Революционный террор во Франции XVIII века: новейшие интерпретации

Д.Ю. Бовыкин

 

Вопросы истории. 2002. N 6. С. 144-149

А.В. Чудинов. Утопии века Просвещения. Москва, ИВИ РАН, 2000. 90 с.

P. Gueniffey. La politique de la Terreur. Essai sur la violence révolutionnaire 1789-1794. Paris, Fayard, 2000. 376 p.

 

Террор эпохи Французской революции XVIII в. нынче практически не изучают ни в России, ни во Франции. Однако к тому, чтобы постараться как можно реже о нем вспоминать, отечественная и зарубежная историография шли разными путями.

В советской историографии идеализация якобинцев[1], привела к тому, что в 1990-е годы проблемы диктатуры монтаньяров вообще и Террора в частности начинают затрагиваться все меньше и меньше. И хотя Террор неоднократно упоминался на прошедшем в 1995 г. в ИВИ РАН «круглом столе» «Якобинство в исторических итогах Великой французской революции»[2], в конкретные исследования призывы к его изучению так и не вылились.

Что же касается французской историографии, то выход в свет считанных работ, в которых глубоко затрагивались бы проблемы Террора во многом объясняется тем, что борьба, идущая долгие годы между историками «классического» и «критического» направлений в историографии Революции, нередко выливалась в перевод научных споров в политическую плоскость, и чем более острая тема поднималась Ф. Фюре и его последователями, тем более сильный шквал критики обрушивался на них со стороны продолжателей традиций А. Матьеза и А. Собуля.
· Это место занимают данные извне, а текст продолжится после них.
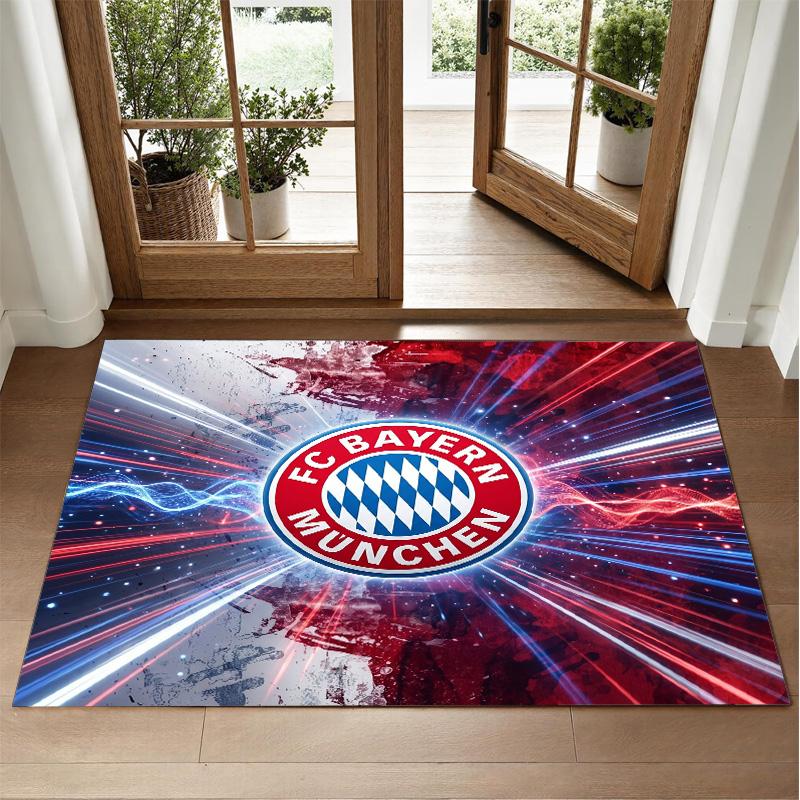 Bayern Munich Design Crystal Velvet Rug Soft Decorative Mat for Bedroom Entrance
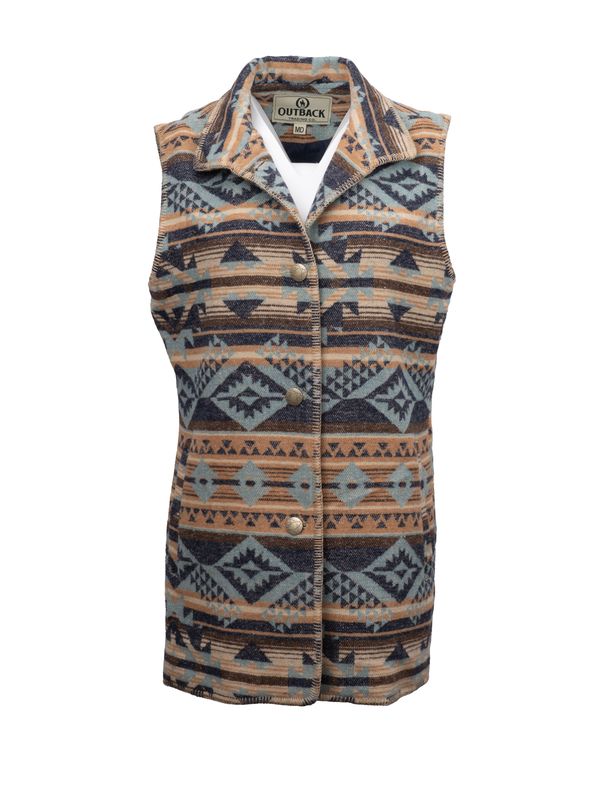 Ladies Outback Pendleton Round-Up Light Blue Stockard Vest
Тем более важным нам представляется то, что в 2000 году и в России, и во Франции одновременно появились работы, посвященные феномену Террора. При этом обе книги, в известной степени, дополняют друг друга, рассматривая Террор под разными углами зрения.

В своем курсе лекций ведущий научный сотрудник ИВИ РАН, доктор исторических наук А.В. Чудинов прежде всего уделяет внимание идеологическим основам и предпосылкам Террора. История Революции для него неразрывна со всей историей XVIII столетия, с тем комплексом идей, который был выработан, осмыслен, введен в оборот в то время, когда возник «принципиально новый тип мировосприятия, радикально отличающийся от того, что ему предшествовал и в своей основе имел христианскую религию» (с. 6).

Отказ от социального реализма, создавший почву для утопий (в начале чисто теоретических и лишь после начала Революции переведенных в практическую плоскость), позволяет автору сделать вывод о том, что именно просветители своими трудами построили тот идейный фундамент, на котором впоследствии основывались революционные преобразования. Начиная с тезиса о том, что «Век Разума обернулся Веком Утопий» (с. 17), А.В. Чудинов последовательно показывает, каким образом просветители (от Морелли до Дидро, от Мелье до Дешана) формировали свою модель видения социума, главная роль в которой отводилась вере в то, что построение совершенного общества здесь и сейчас вполне возможно – надо лишь «правильно» организовать его в соответствии с открытыми ими же законами.

Соответственно, вставал вопрос о том, что должно было стать движущей силой преобразований. Анализируя идеи Руссо, А.В. Чудинов приходит к выводу о том, что «именно этот философ дал наиболее развернутое обоснование проекту государства-левиафана, подчиняющего все без исключения стороны жизни общества и каждого гражданина» (с. 42). Несмотря на то, что в «Общественном договоре» Руссо провозглашал и отстаивал принцип народовластия, он признавал, что народ далеко не всегда понимает, в чем именно состоит его подлинное благо; в то же время, это должен понимать законодатель – тот просвещенный и умудренный опытом человек, который в системе Руссо предлагает законы на утверждение народа. В других его работах есть указание на то, что в ряде случаев не только законодателю, но и правительству дано понимать общее благо едва ли не лучше, чем основной массе граждан.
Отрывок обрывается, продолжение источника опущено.